レ・シンズの音楽は、僕のためじゃない。
人々に踊ってもらうために作ってるんだ
――アルバム・タイトルを『マイケル』と名づけた理由は?
奇妙で面白いからだよ。それにみんな、『マイケルって誰?』と尋ねるだろうと思ってさ。どうやら効果はあったようだね(笑)。とにかく『マイケル』っていうのは楽しい名前だからさ。ポップ・カルチャーの中で『マイケル』と言うと、たくさんの有名人が思い浮かぶだろ? だから面白いと感じたんだ。
――“Sticky”はあえてヴォーカル部分をシンセのフレーズに置き換えていますよね? 個人的にはそのままマイケル・ジャクソンのヴォーカルに置き換えてもしっくり来るぐらい80’sフレーバーを感じたのですが、この曲のエピソードを教えてください。
いい質問だね。“Sticky”は80年代のダンス・トラックを目指していたんだ。だから家にあるシンセの音を取り入れて、純粋に楽しもうと思ったのさ。

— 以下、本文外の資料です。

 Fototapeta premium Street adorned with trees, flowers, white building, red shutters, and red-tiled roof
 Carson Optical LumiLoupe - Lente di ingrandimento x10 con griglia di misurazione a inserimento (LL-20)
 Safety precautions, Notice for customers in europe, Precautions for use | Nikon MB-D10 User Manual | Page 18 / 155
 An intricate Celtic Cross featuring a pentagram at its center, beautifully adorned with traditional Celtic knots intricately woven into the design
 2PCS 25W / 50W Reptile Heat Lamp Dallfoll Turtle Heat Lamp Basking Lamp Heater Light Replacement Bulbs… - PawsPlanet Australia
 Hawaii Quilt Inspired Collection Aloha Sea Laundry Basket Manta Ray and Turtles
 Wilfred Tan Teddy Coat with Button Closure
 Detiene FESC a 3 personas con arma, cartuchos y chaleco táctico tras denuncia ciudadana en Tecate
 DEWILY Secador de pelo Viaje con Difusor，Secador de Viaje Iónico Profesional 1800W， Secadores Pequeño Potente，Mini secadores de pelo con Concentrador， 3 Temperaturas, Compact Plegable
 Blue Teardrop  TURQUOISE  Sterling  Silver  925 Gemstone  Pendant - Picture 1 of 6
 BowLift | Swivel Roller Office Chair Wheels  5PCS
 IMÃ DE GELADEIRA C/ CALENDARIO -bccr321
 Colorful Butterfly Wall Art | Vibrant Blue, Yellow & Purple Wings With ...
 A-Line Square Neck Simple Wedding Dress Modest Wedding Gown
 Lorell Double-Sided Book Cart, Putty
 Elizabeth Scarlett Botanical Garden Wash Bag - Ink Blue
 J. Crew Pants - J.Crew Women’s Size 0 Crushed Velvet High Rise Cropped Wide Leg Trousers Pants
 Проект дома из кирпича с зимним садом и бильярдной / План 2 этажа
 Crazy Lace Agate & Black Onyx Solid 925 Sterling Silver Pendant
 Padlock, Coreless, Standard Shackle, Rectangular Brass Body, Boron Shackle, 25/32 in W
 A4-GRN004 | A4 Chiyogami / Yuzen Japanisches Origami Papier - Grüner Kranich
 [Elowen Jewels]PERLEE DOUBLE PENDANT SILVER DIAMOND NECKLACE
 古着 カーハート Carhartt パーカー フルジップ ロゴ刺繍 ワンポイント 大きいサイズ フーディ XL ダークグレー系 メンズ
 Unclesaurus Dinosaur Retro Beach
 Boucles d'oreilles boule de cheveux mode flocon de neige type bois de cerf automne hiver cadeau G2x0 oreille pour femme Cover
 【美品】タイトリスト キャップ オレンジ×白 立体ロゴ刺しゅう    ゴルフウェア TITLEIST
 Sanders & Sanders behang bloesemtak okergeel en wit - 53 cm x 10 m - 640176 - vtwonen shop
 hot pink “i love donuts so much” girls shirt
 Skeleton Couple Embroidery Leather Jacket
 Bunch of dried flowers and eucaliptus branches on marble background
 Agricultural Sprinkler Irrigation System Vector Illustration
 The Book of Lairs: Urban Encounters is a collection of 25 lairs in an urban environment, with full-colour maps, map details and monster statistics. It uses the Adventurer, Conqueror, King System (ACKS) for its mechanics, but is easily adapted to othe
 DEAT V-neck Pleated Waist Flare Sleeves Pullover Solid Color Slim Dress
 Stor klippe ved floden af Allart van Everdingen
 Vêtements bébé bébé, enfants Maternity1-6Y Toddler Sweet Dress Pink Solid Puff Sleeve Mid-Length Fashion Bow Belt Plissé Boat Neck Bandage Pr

――EDMが全盛期を迎えるいっぽうで、ダフト・パンク、ブラッド・オレンジ、カインドネス、etcといった連中が「生バンド」を軸にしたソウル/ディスコに回帰していますが、最近の音楽のトレンドやシーンについて思うところはありますか?
“トレンド”というものは、どの時代にもある。何を目指しているかによると思う。瞬間的に人気が出るようなサウンドを目指しているのならトレンドの波に乗ればいいし、よりユニークで自分らしさを出したいのならトレンドに逆らえばいい。レ・シンズは僕のサイド・プロジェクトだから、「突出した存在になりたい」とか、そういう願望は特にないんだ。ビートやトラックを作ったりして、ただ楽しみながらやっているだけだよ。でもトロ・イ・モワに関して言うと、今後もトレンドはあえて避けると思う。そこに重点を置いてやっているからね。
Blood Orange – “You’re Not Good Enough” (Official Music Video)
――では、ダンス・ミュージックにおいてはどうですか?
最近のEDMやメインストリームの音楽の傾向は、決して良くないと思う。僕は正直好きではないね。メインストリームのダンス・ミュージックに対して、誰か違うアプローチを生み出すことができれば、改善されるとは思ってる。でも、アメリカにおいては今、活躍しているプロデューサーの数が限られているんだ。だからその年にリリースされる曲は、ほとんど同じ人物にプロデュースされていて、すぐ飽きられてしまう。
――エイフェックス・ツインの新作『サイロ』はいかがでしたか?
まだ聴いてないんだ。彼の音楽は、僕にとっては少しクレイジーすぎるかな……。あまり入り込むことができない。僕好みのアルバムに出会えたら違うんだろうけどね。何曲か聴いたけど、僕自身が世間の波に乗り切れてないのかも(苦笑)。彼からインスパイアされたことは特にないしね。リチャード(D・ジェームス)の才能はもちろん認めるし、“生ける伝説”だとも思う。ただ、まだ彼に刺激を受けたことがないんだ。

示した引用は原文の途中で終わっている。